• _What the task requires_: Make an exact transcript of the lines in the data below, starting with the one containing "Growlithe · Rising Rivals" and going on through the one containing "Machine <span class=keywords><strong>à</strong></span>", with both included and the pictures left out.

Brief descriptive captions:
+ + + + + + +
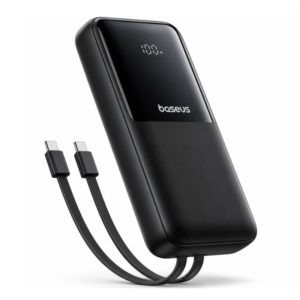Baseus Built-in USB-C & Lightning Power Bank
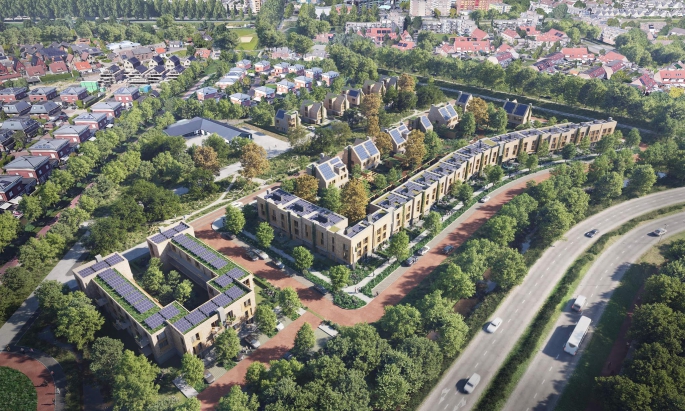 Dubbeldam InBloei, Dordrecht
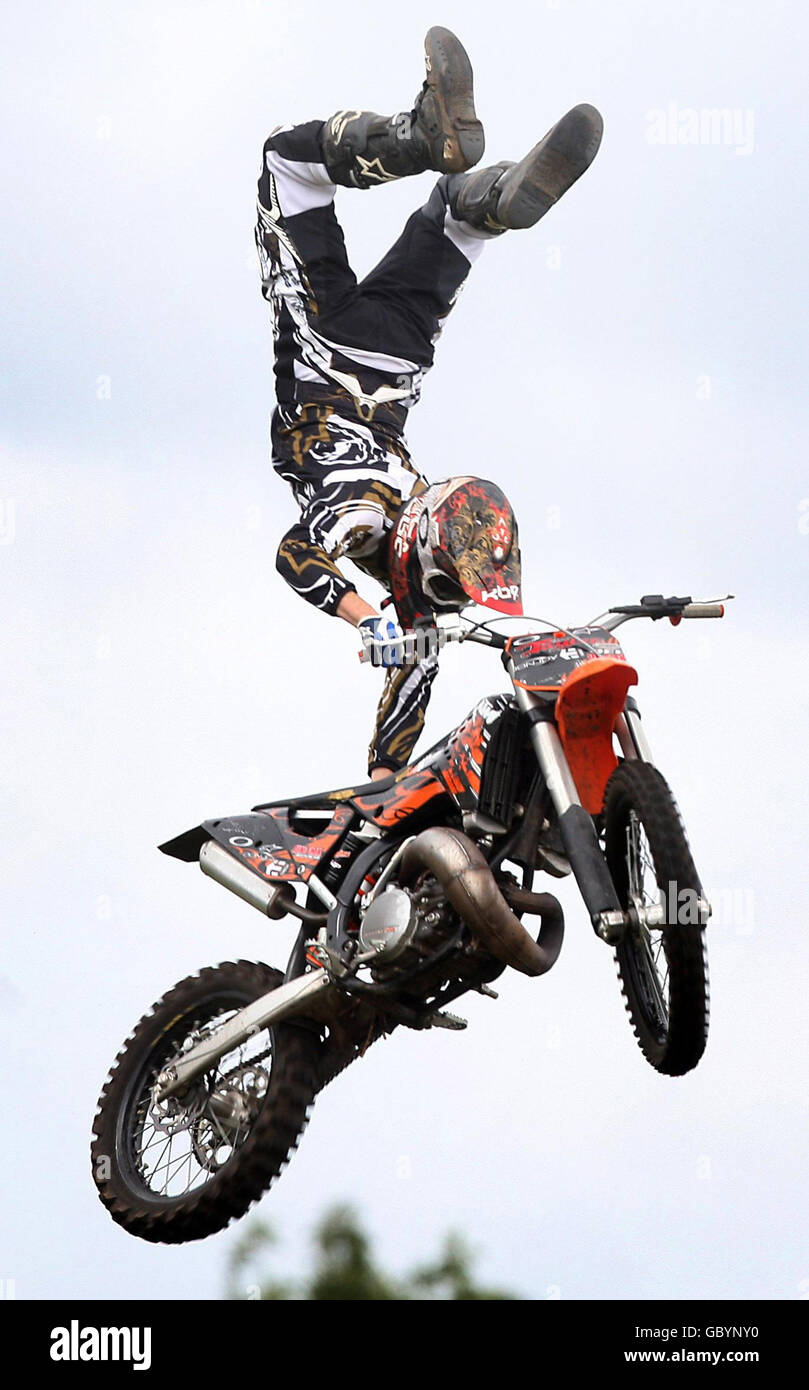 Freestyle moto cross hi-res stock photography and images - Alamy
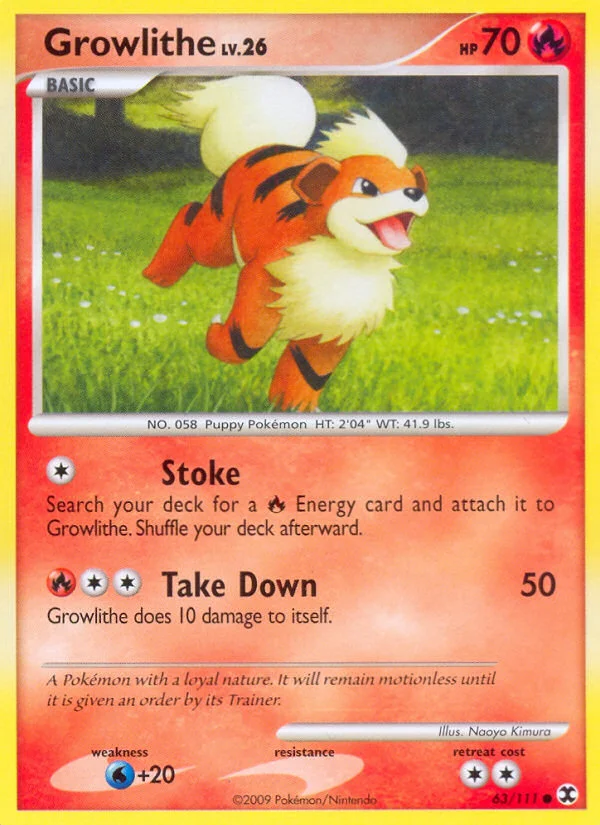 Growlithe · Rising Rivals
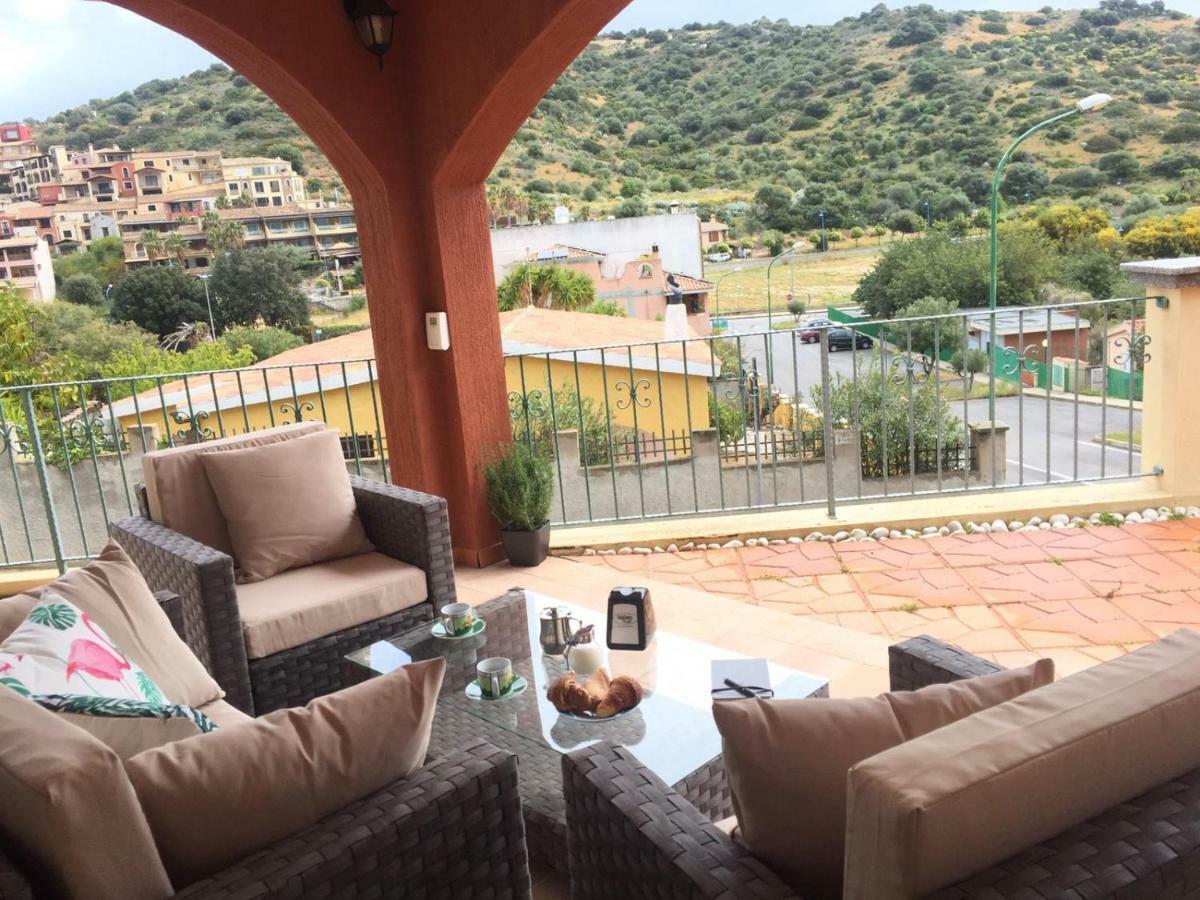 Casa Su Flamingo Villa Villasimius Eksteriør bilde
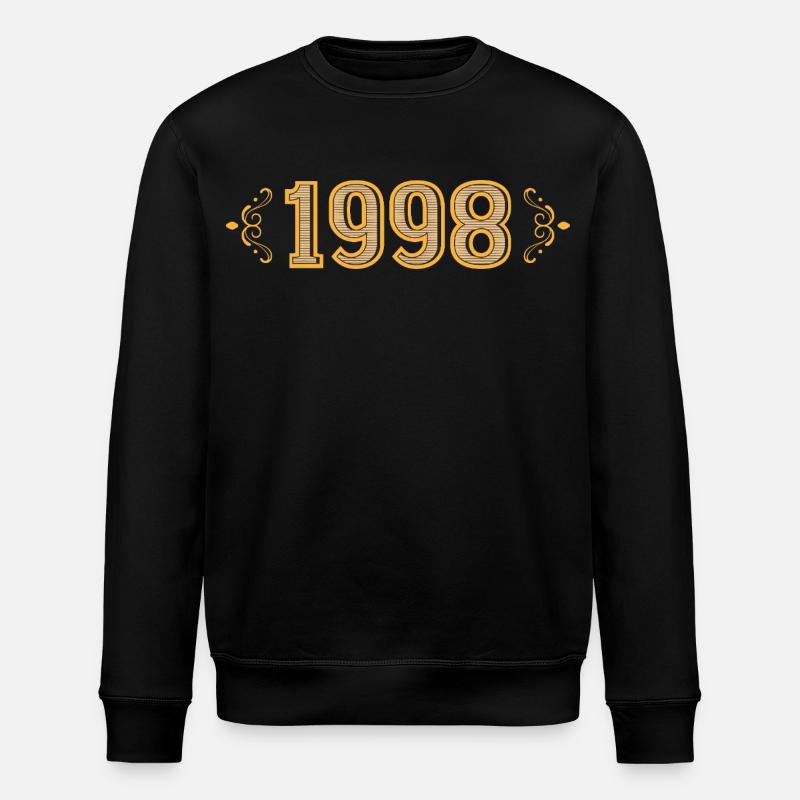 Légende depuis 1998 rétro 1998 - Sweat bio ROLLER Stanley/Stella Unisexe - noir
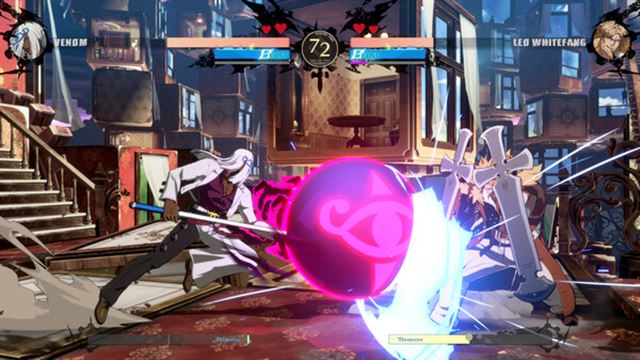 Hình ảnh trong game GUILTY GEAR STRIVE Venom-TENOKE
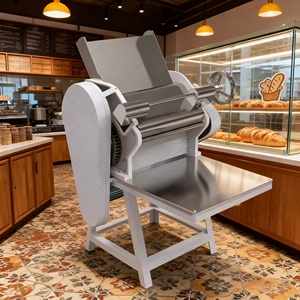 Machine <span class=keywords><strong>à</strong></span> <span class=keywords><strong>pâte</strong></span> <span class=keywords><strong>à</strong></span> pizza la plus vendue, en acier inoxydable, pour la préparation de pâtes <span class=keywords><strong>à</strong></span> dumplings et <span class=keywords><strong>à</strong></span> pain - Product Image 3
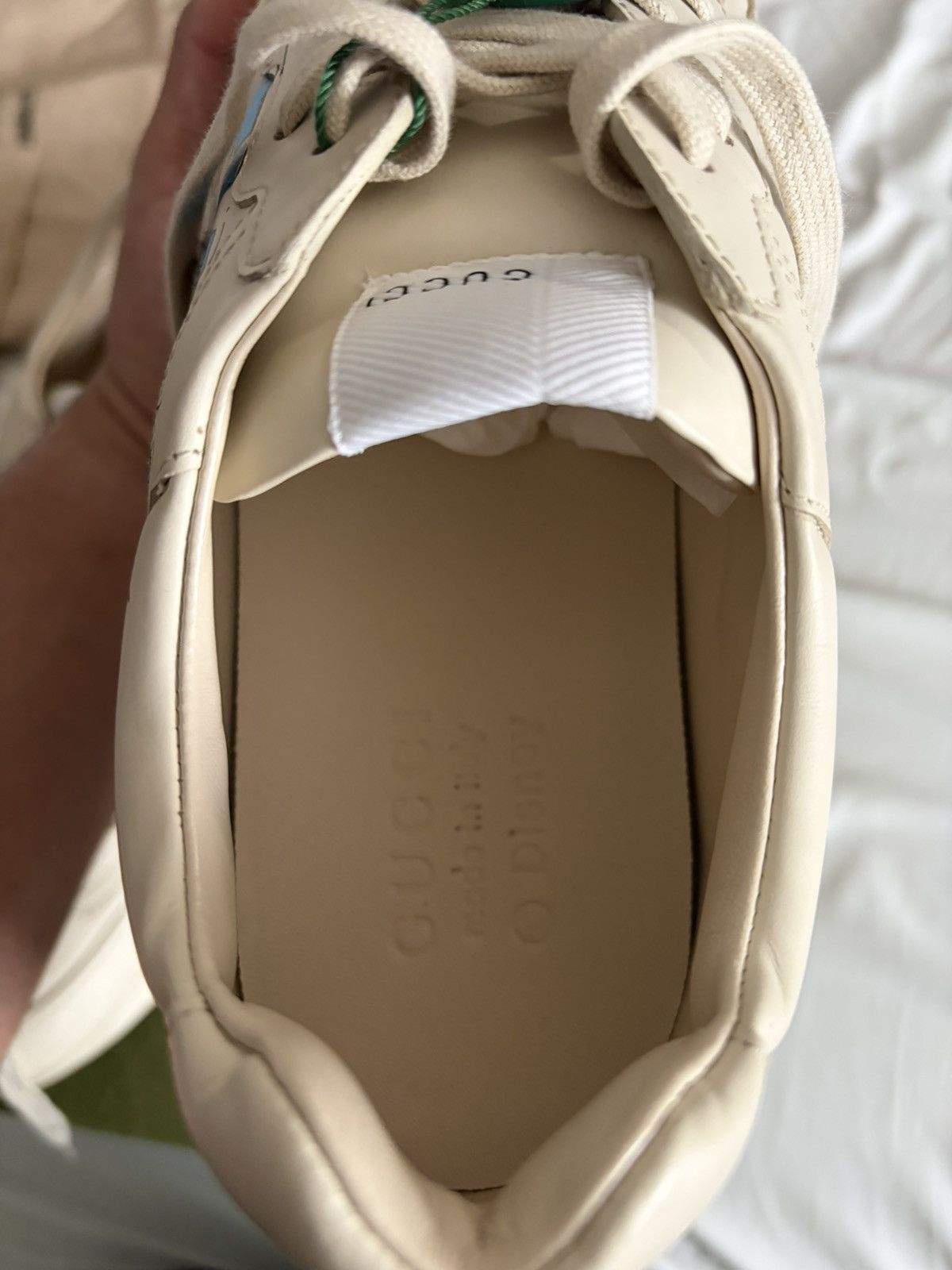 Disney × Gucci Gucci Rhyton x Disney Donald Duck Size US 11.5 / EU 44-45 - 20 Thumbnail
+ + + + + + +
• _Answer for the task_:
 Growlithe · Rising Rivals
 Casa Su Flamingo Villa Villasimius Eksteriør bilde
 Légende depuis 1998 rétro 1998 - Sweat bio ROLLER Stanley/Stella Unisexe - noir
 Hình ảnh trong game GUILTY GEAR STRIVE Venom-TENOKE
 Machine <span class=keywords><strong>à</strong></span> <span class=keywords><strong>pâte</strong></span> <span class=keywords><strong>à</strong></span> pizza la plus vendue, en acier inoxydable, pour la préparation de pâtes <span class=keywords><strong>à</strong></span> dumplings et <span class=keywords><strong>à</strong></span> pain - Product Image 3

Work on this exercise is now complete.